Alignment quality statistics:
  Mean mapping coverage: 0.953
  Min mapping coverage: 0.812
  Max mapping coverage: 1.000
  Alignments passing filter: 4


## Working with Real BAM Files

For production use with real BAM files, you would typically:

```python
# Example with real data (not run here due to file size)
pileup = Pileup(
    reference_file='reference_genome.fasta',
    alignment_file='sample.bam',
    minimum_coverage=30,  # Higher for real data
    heterozygous_threshold=0.25,
    mimimum_alignment_coverage=0.90,  # Stricter for real data
    save_pileup_to_destination='sample_pileup.npy'  # Save for reuse
)
```

## Integration with Machine Learning

The numpy array format makes it easy to use pileup data as input for machine learning models.

In [14]:
# Example: Prepare pileup data for ML model
# Extract features for positions with sufficient coverage
min_coverage_for_ml = 10
coverage = pileup.pileup[:, 5:9].sum(axis=1)
high_coverage_mask = coverage >= min_coverage_for_ml

# Feature matrix: base counts normalized by coverage
features = pileup.pileup[high_coverage_mask, 5:9]  # Alt base counts
coverage_filtered = coverage[high_coverage_mask, np.newaxis]
normalized_features = features / (coverage_filtered + 1e-6)  # Avoid division by zero

# Labels: variant flags
labels = pileup.pileup[high_coverage_mask, 0]

print(f"ML-ready feature matrix shape: {normalized_features.shape}")
print(f"Number of positive examples (variants): {labels.sum():.0f}")
print(f"Number of negative examples (reference): {(1-labels).sum():.0f}")

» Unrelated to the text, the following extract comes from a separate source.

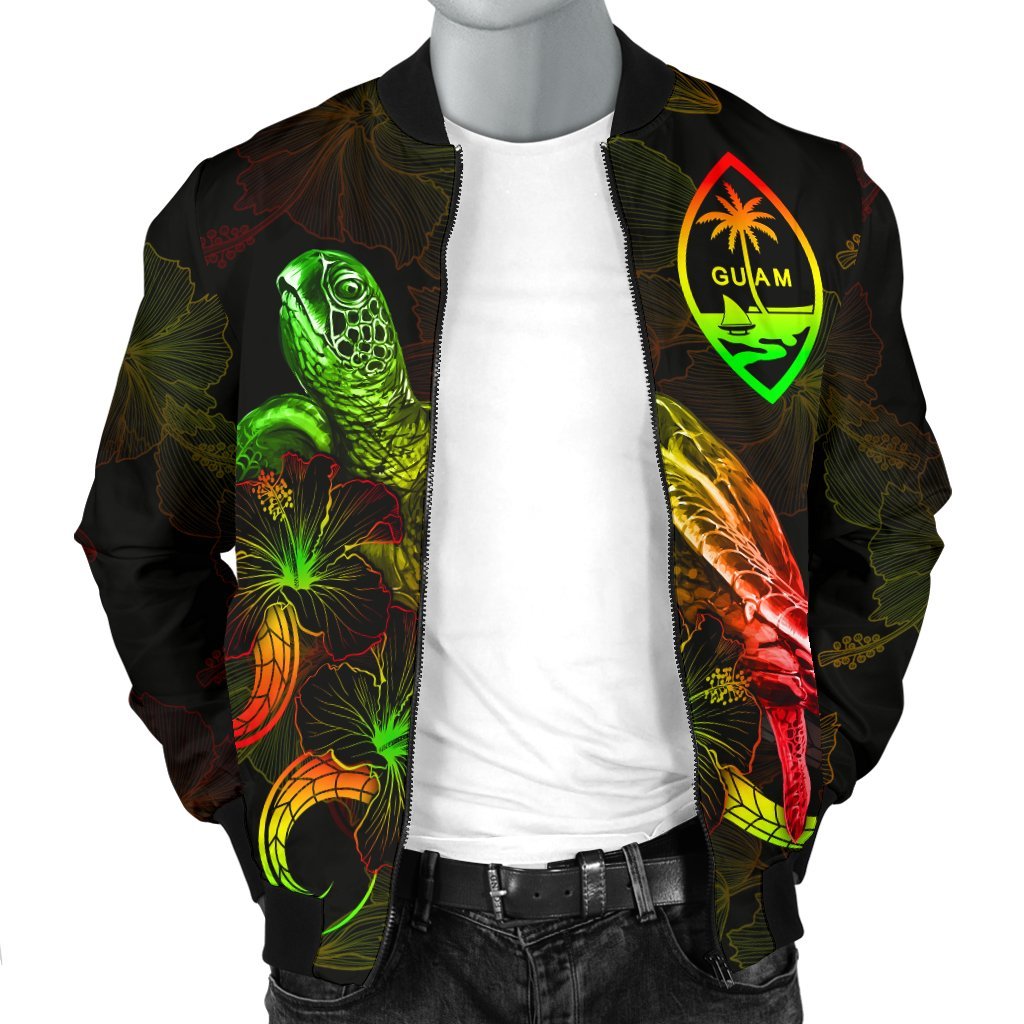 Guam Polynesian Men's Bomber Jacket - Turtle With Blooming Hibiscus Reggae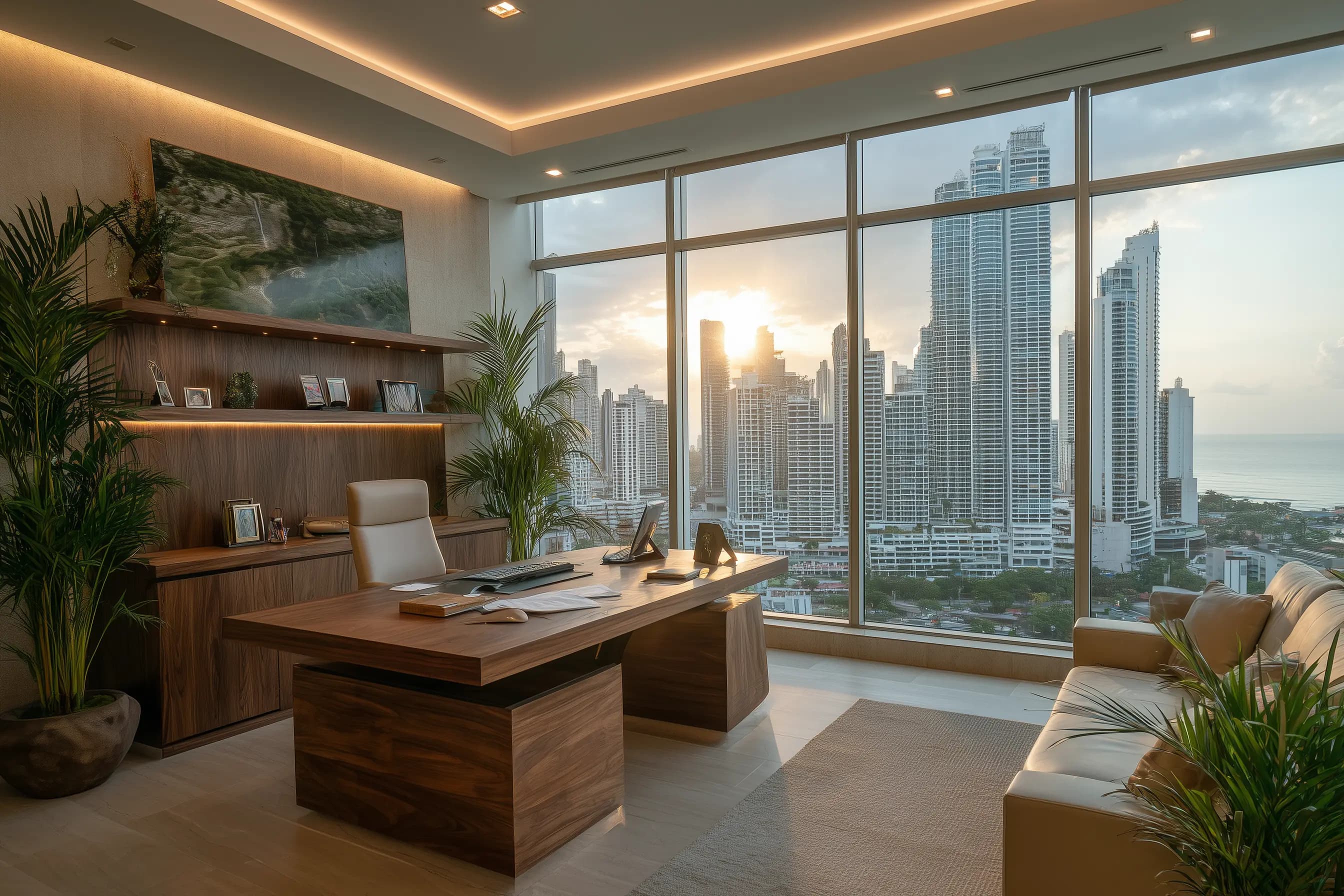 Premium accounting office in Panama City with a polished workspace and skyline view.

ML-ready feature matrix shape: (0, 4)
Number of positive examples (variants): 0
Number of negative examples (reference): 0


## Summary

SeqPandas Pileup provides:
- **Fast conversion** of BAM/SAM alignments to numpy arrays
- **Automatic variant detection** based on configurable thresholds
- **Memory-efficient storage** using numpy arrays
- **Easy integration** with pandas DataFrames and ML frameworks
- **Significant speedup** over text-based mpileup parsing

The structured array format makes downstream analysis much simpler than parsing traditional mpileup text output.